#### SUPPLIED RECORDS
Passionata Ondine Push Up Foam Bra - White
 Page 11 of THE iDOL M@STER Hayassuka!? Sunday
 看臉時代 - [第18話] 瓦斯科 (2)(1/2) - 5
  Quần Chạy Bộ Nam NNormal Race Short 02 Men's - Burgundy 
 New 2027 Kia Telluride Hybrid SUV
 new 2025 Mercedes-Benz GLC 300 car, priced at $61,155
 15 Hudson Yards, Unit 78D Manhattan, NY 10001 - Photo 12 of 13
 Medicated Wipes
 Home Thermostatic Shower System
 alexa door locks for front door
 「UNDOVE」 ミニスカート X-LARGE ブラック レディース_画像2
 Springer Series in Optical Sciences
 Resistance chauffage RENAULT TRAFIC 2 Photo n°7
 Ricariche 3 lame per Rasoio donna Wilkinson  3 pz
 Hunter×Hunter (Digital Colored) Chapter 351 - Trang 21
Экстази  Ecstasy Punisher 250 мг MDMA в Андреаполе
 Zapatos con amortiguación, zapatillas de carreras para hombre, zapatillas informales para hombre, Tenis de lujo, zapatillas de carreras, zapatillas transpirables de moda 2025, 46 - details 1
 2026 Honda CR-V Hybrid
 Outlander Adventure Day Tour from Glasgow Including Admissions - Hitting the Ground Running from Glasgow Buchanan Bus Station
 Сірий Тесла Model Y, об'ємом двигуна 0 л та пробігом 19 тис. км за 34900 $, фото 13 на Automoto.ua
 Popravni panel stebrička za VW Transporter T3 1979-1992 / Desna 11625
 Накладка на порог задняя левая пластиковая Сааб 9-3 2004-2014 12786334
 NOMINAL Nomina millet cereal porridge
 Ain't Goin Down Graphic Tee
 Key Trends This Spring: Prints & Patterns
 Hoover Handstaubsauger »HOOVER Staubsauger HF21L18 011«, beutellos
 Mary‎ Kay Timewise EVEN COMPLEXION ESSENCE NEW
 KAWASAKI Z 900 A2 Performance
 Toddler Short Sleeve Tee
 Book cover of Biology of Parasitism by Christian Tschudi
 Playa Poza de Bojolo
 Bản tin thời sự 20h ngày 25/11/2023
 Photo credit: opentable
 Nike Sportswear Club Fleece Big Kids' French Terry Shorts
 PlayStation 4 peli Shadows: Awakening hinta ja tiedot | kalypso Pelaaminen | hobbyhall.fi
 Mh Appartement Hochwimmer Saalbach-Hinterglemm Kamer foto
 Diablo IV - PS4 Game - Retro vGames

#### EXERCISE
Out of the material above, gather each line where "Hybrid" appears.

#### EXERCISE OUTPUT
 New 2027 Kia Telluride Hybrid SUV
 2026 Honda CR-V Hybrid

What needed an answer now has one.